From the data underneath, reproduce exactly the stretch that begins at the line with "Although Lincoln's plan" and ends after the line with "attendees and marketing.".

The data -
***

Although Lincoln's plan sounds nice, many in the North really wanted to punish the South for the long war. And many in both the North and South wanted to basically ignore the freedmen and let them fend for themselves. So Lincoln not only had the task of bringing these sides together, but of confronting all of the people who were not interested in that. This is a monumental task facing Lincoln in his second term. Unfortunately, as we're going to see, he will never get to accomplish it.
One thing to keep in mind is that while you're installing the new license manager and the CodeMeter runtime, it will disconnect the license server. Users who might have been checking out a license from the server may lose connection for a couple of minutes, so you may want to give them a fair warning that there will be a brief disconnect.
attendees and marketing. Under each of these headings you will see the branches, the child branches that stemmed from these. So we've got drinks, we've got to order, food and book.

***

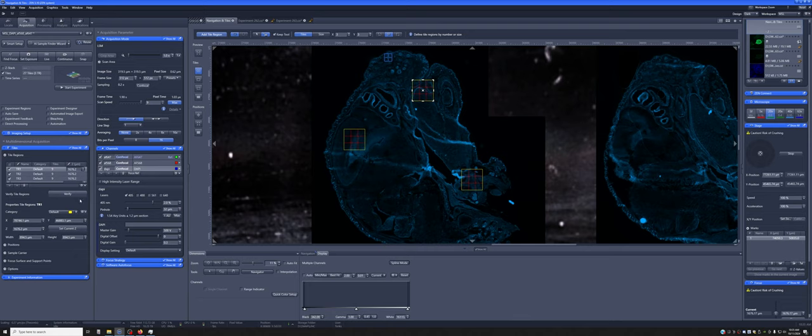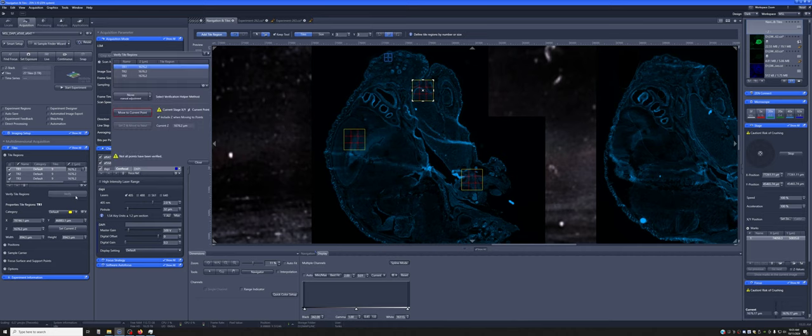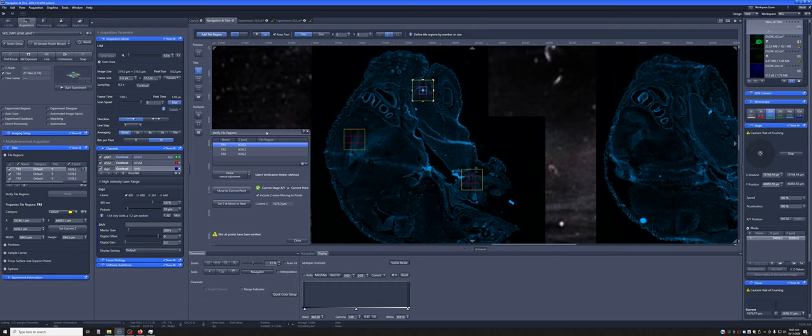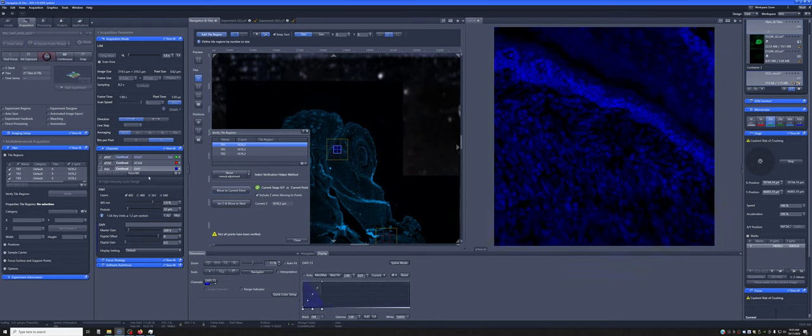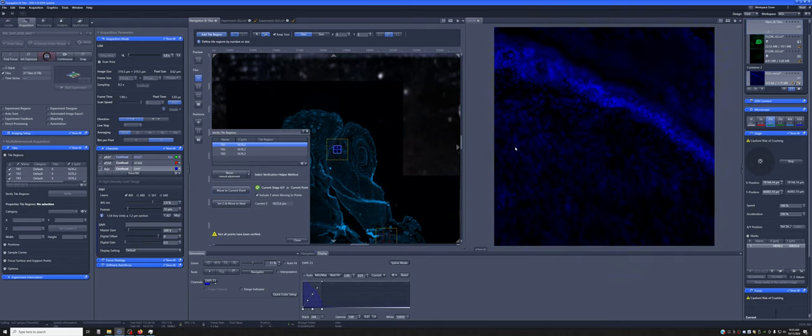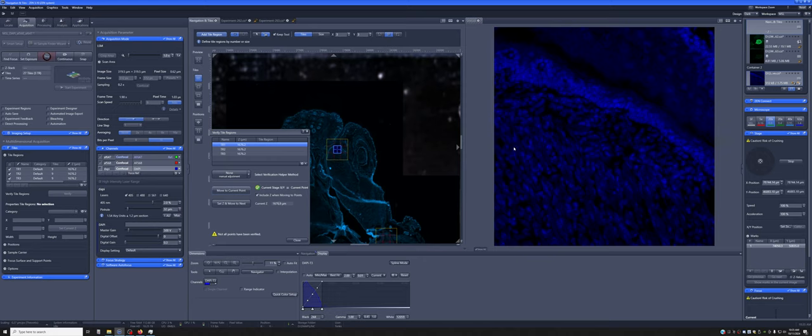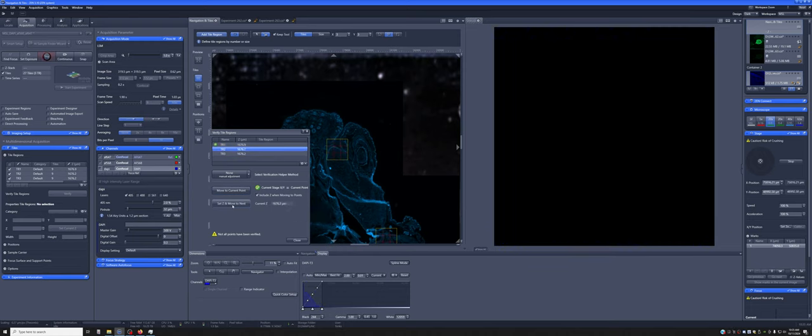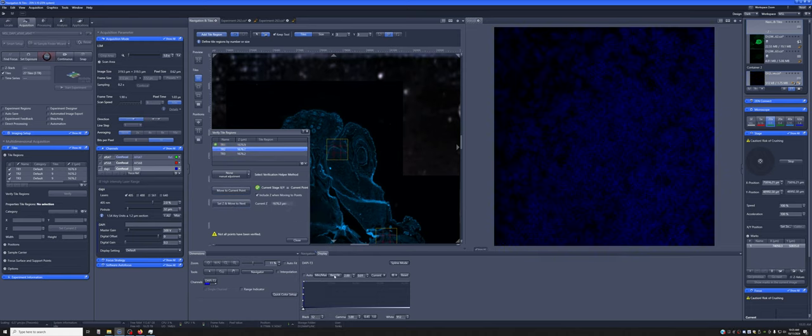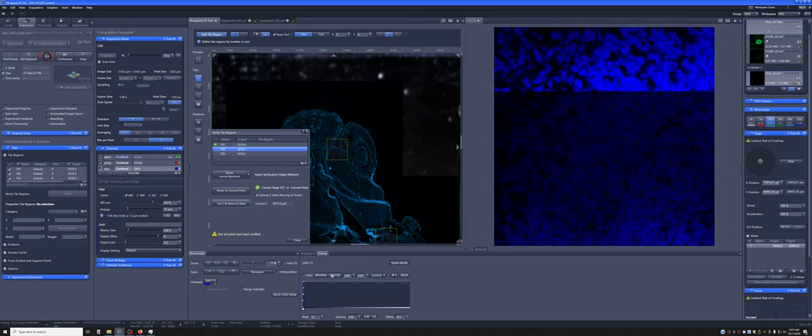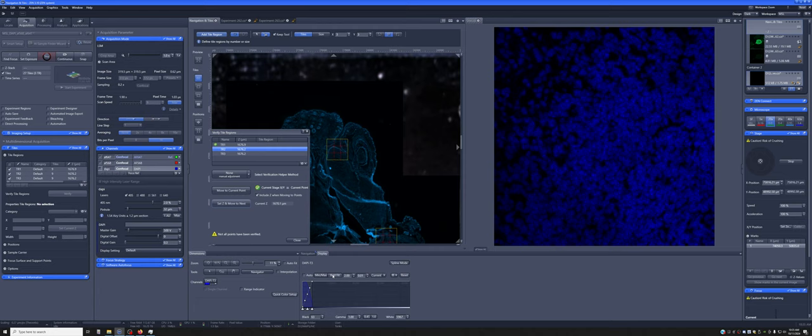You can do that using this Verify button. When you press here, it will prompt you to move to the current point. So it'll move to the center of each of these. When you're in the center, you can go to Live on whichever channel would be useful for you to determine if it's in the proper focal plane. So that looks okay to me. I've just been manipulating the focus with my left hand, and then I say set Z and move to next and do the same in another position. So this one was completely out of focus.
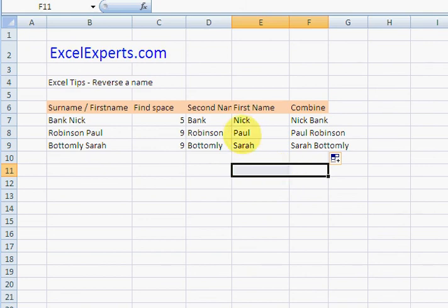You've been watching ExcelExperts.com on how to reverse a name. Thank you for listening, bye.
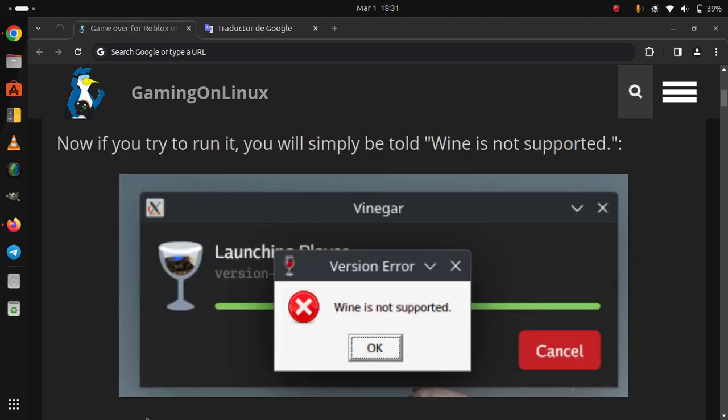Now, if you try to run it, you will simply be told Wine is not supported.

***

Reply to the task -
Although Lincoln's plan sounds nice, many in the North really wanted to punish the South for the long war. And many in both the North and South wanted to basically ignore the freedmen and let them fend for themselves. So Lincoln not only had the task of bringing these sides together, but of confronting all of the people who were not interested in that. This is a monumental task facing Lincoln in his second term. Unfortunately, as we're going to see, he will never get to accomplish it.
One thing to keep in mind is that while you're installing the new license manager and the CodeMeter runtime, it will disconnect the license server. Users who might have been checking out a license from the server may lose connection for a couple of minutes, so you may want to give them a fair warning that there will be a brief disconnect.
attendees and marketing. Under each of these headings you will see the branches, the child branches that stemmed from these. So we've got drinks, we've got to order, food and book.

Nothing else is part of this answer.